-- Scraped caption text data --

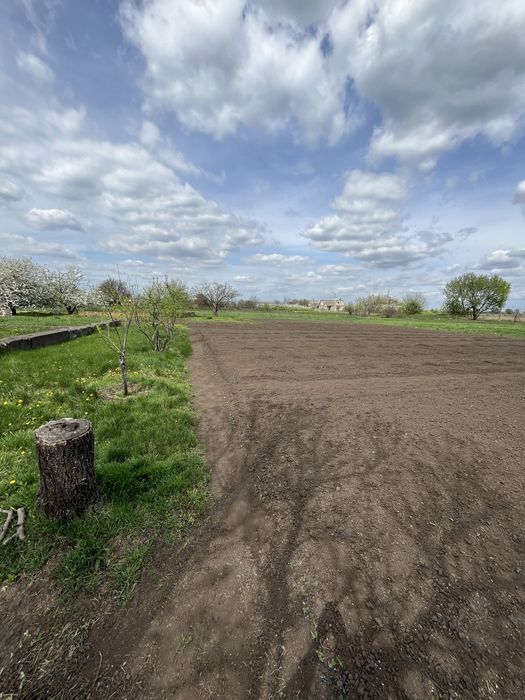 Земельна ділянка 10 соток + Цегла біла силікатна нова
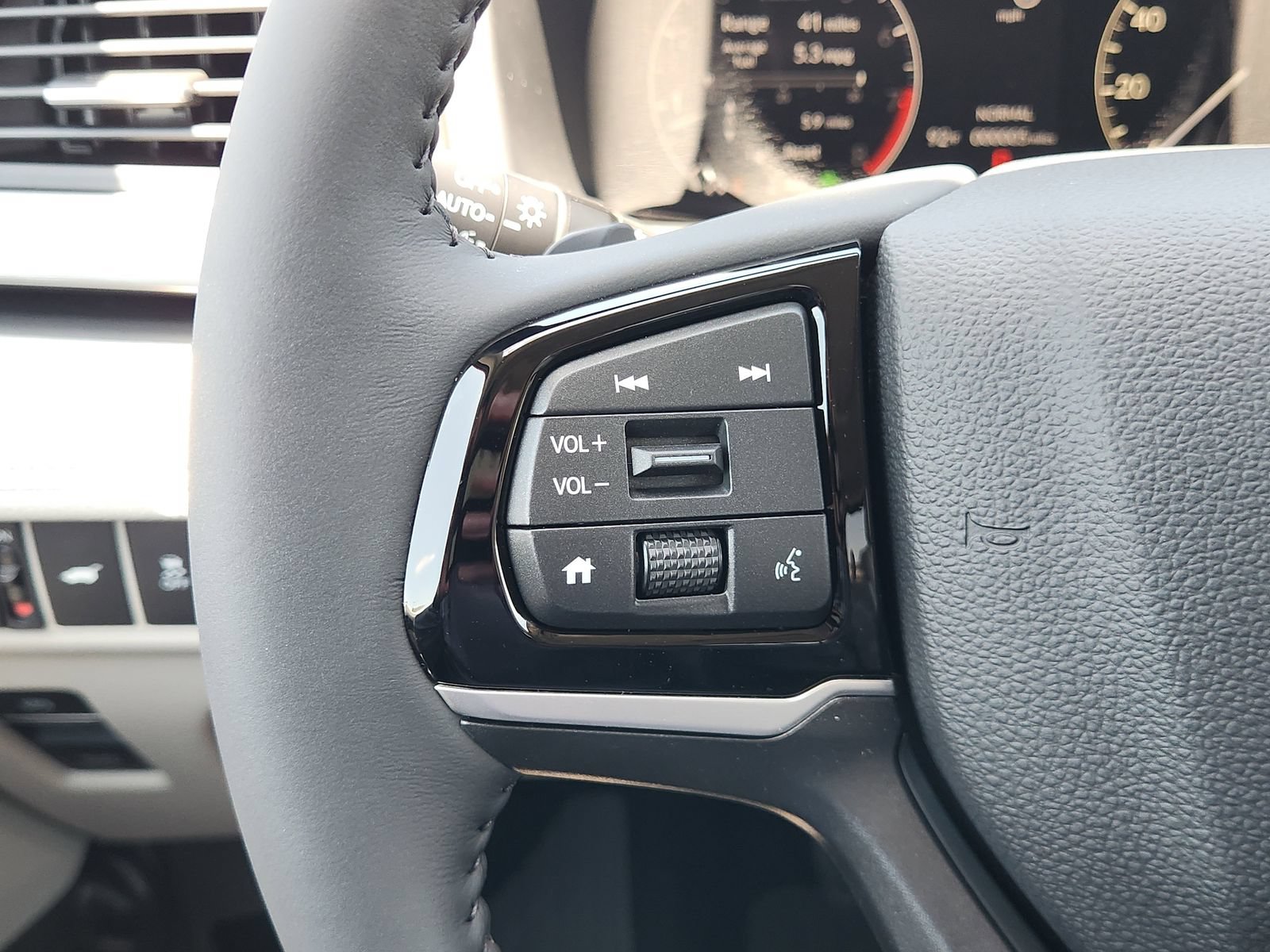 New 2026 Honda Odyssey EX-L image 32
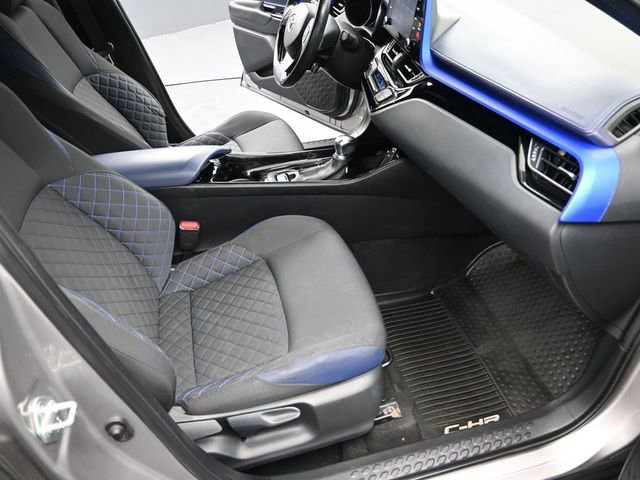 Certified 2020 Toyota C-HR XLE image 26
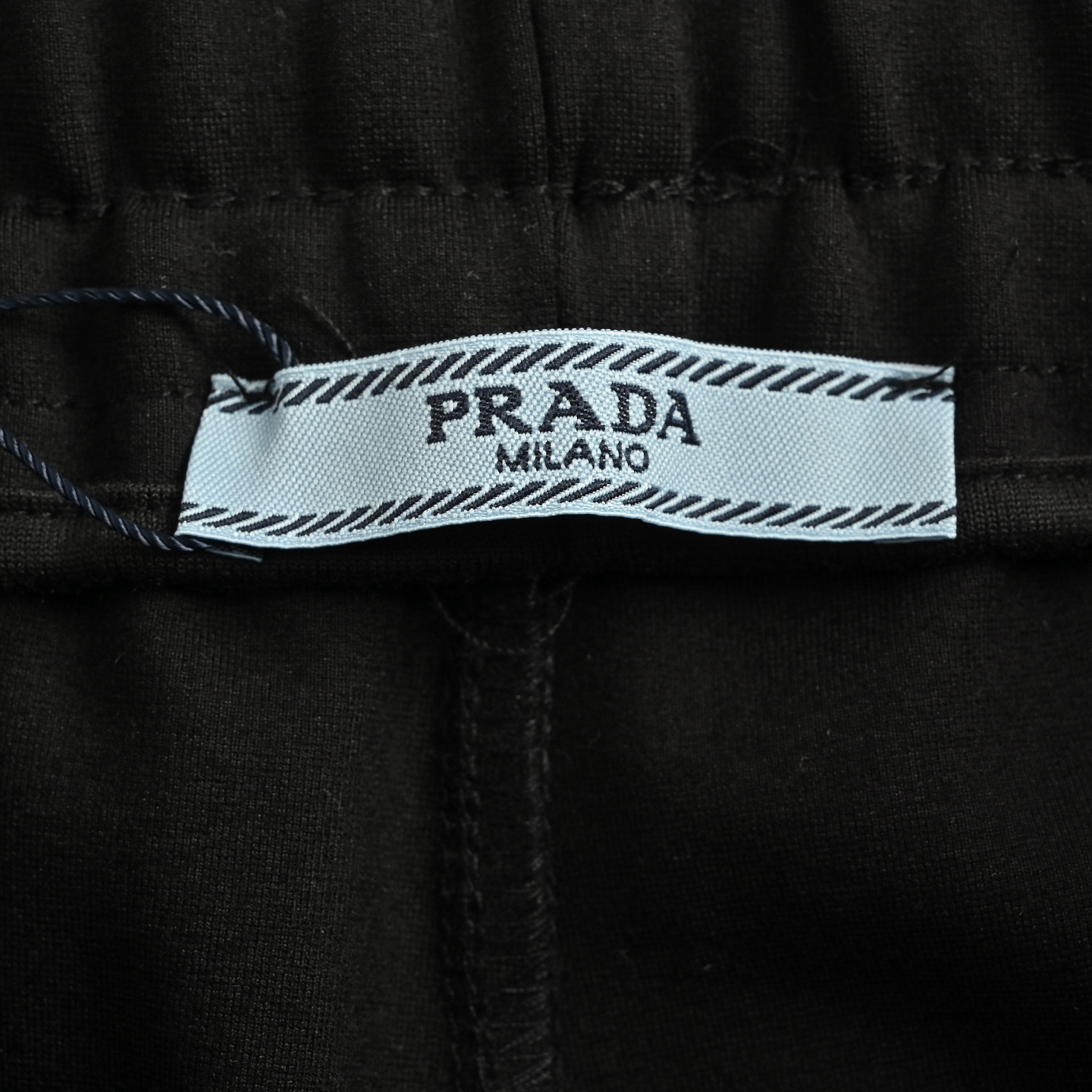 Prada/普拉达 后袋尼龙口袋三角标长裤-莆田鞋,莆田鞋货源,高仿鞋,高仿鞋货源,安福档口,莆田高仿鞋,莆田鞋批发,高仿鞋批发,莆田高仿运动鞋,高仿运动鞋,莆田运动鞋 Prada/普拉达 后袋尼龙口袋三角标长裤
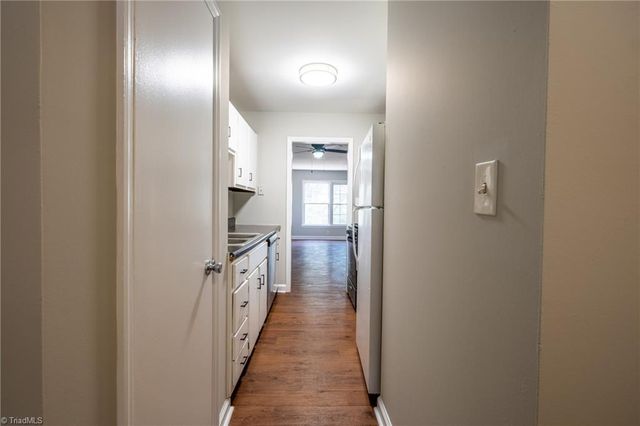 2890 Carriage Drive B, Winston-salem, NC 27106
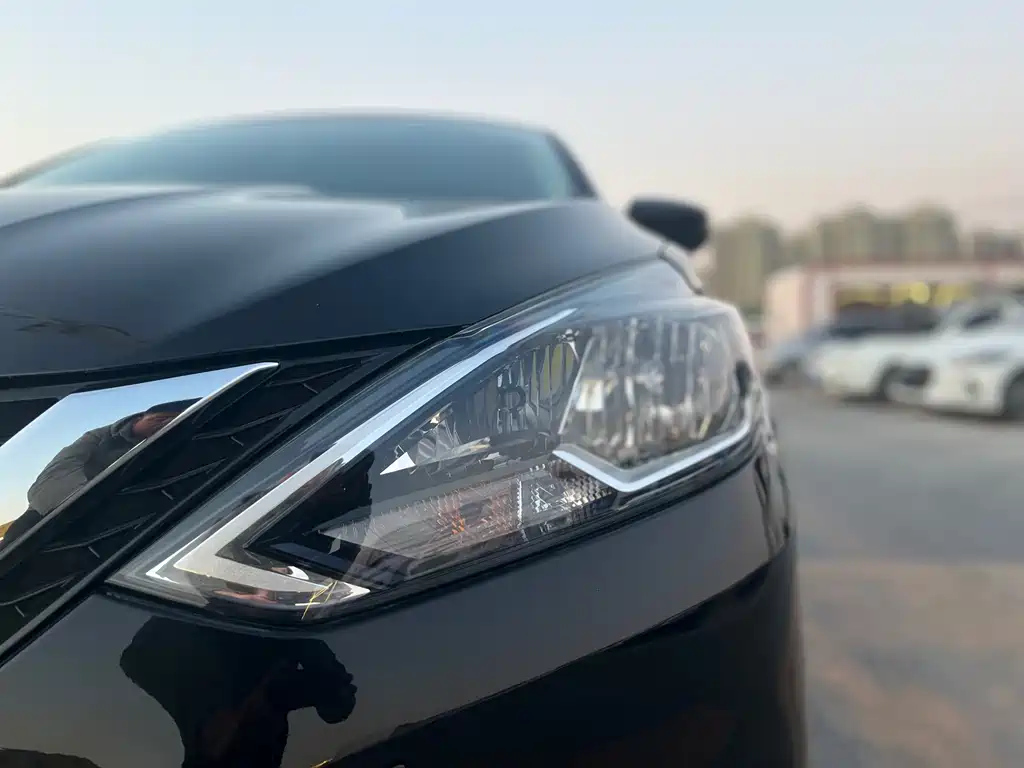 NISSAN SYLPHY 2020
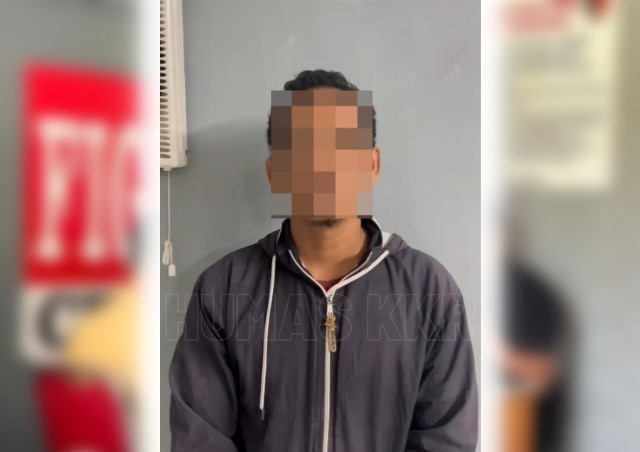 Penyebar hoax begal di Desa Pinang Luar Kecamatan Kubu ditangkap aparat kepolisian. Pelaku membuat informasi hoax dengan gambar seorang korban begal yang diduga sudah meninggal dunia di media sosial pada Jumat (11/3) malam.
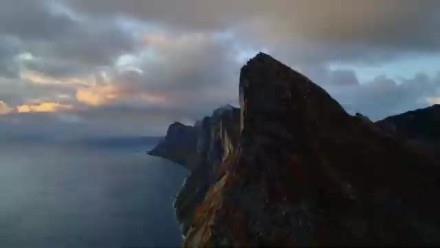 Trailer thumbnail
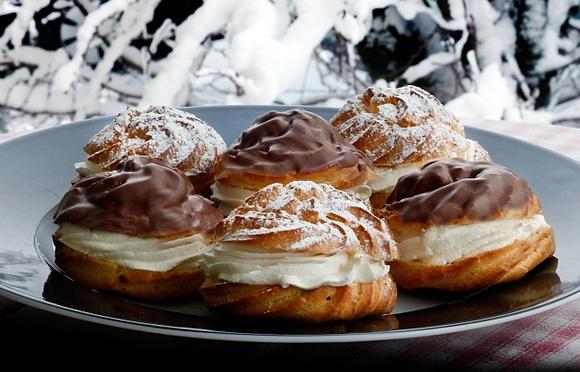 Icelandic rjómabollur bun-day buns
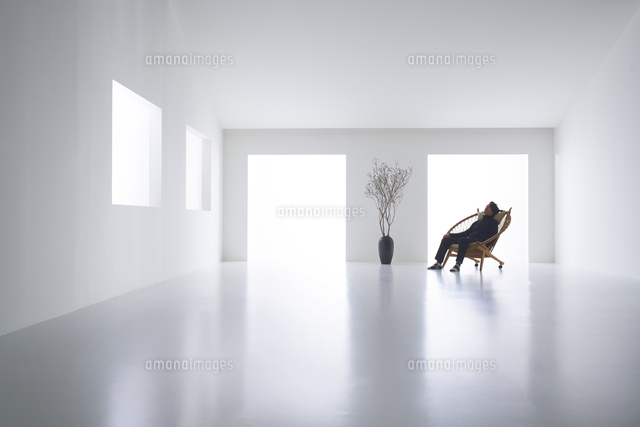白い空間の中にある男性が座っている椅子 の写真素材 イラスト素材 アマナイメージズ 白い空間の中にある男性が座っている椅子 の写真素材 イラスト素材 アマナイメージズ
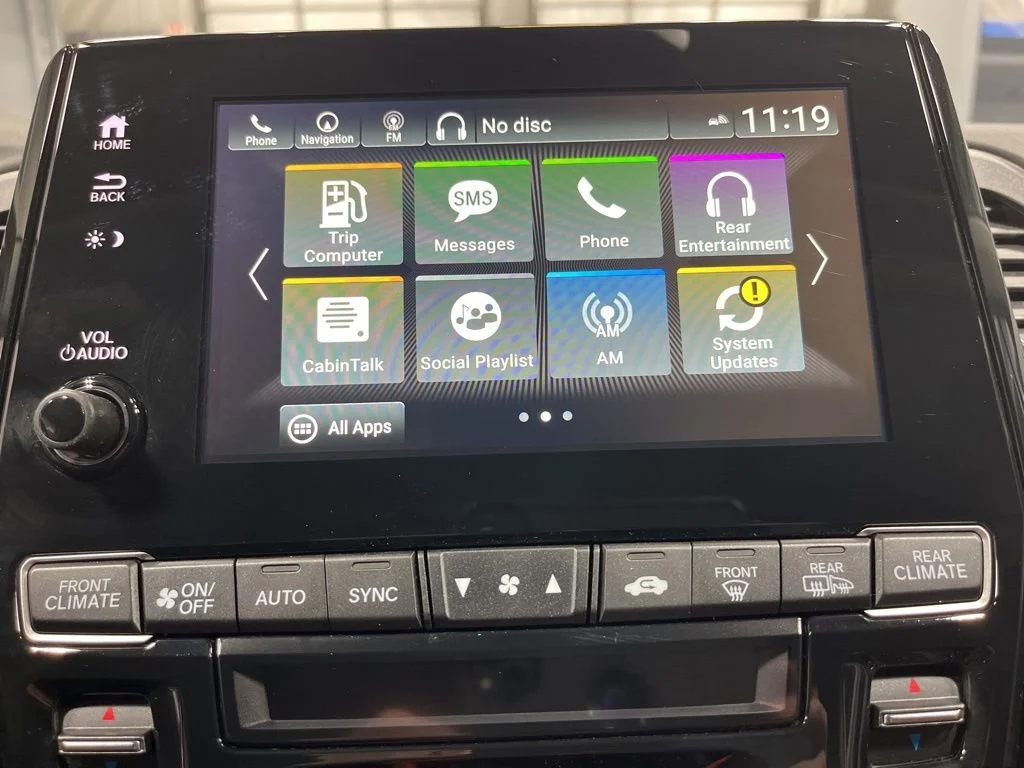 2024 Honda Odyssey Touring - Photo 60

-- What is needed --
The entries above should be reproduced exactly, without their pictures.

-- Your response --
 Земельна ділянка 10 соток + Цегла біла силікатна нова
 New 2026 Honda Odyssey EX-L image 32
 Certified 2020 Toyota C-HR XLE image 26
 Prada/普拉达 后袋尼龙口袋三角标长裤-莆田鞋,莆田鞋货源,高仿鞋,高仿鞋货源,安福档口,莆田高仿鞋,莆田鞋批发,高仿鞋批发,莆田高仿运动鞋,高仿运动鞋,莆田运动鞋 Prada/普拉达 后袋尼龙口袋三角标长裤
 2890 Carriage Drive B, Winston-salem, NC 27106
 NISSAN SYLPHY 2020
 Penyebar hoax begal di Desa Pinang Luar Kecamatan Kubu ditangkap aparat kepolisian. Pelaku membuat informasi hoax dengan gambar seorang korban begal yang diduga sudah meninggal dunia di media sosial pada Jumat (11/3) malam.
 Trailer thumbnail
 Icelandic rjómabollur bun-day buns
白い空間の中にある男性が座っている椅子 の写真素材 イラスト素材 アマナイメージズ 白い空間の中にある男性が座っている椅子 の写真素材 イラスト素材 アマナイメージズ
 2024 Honda Odyssey Touring - Photo 60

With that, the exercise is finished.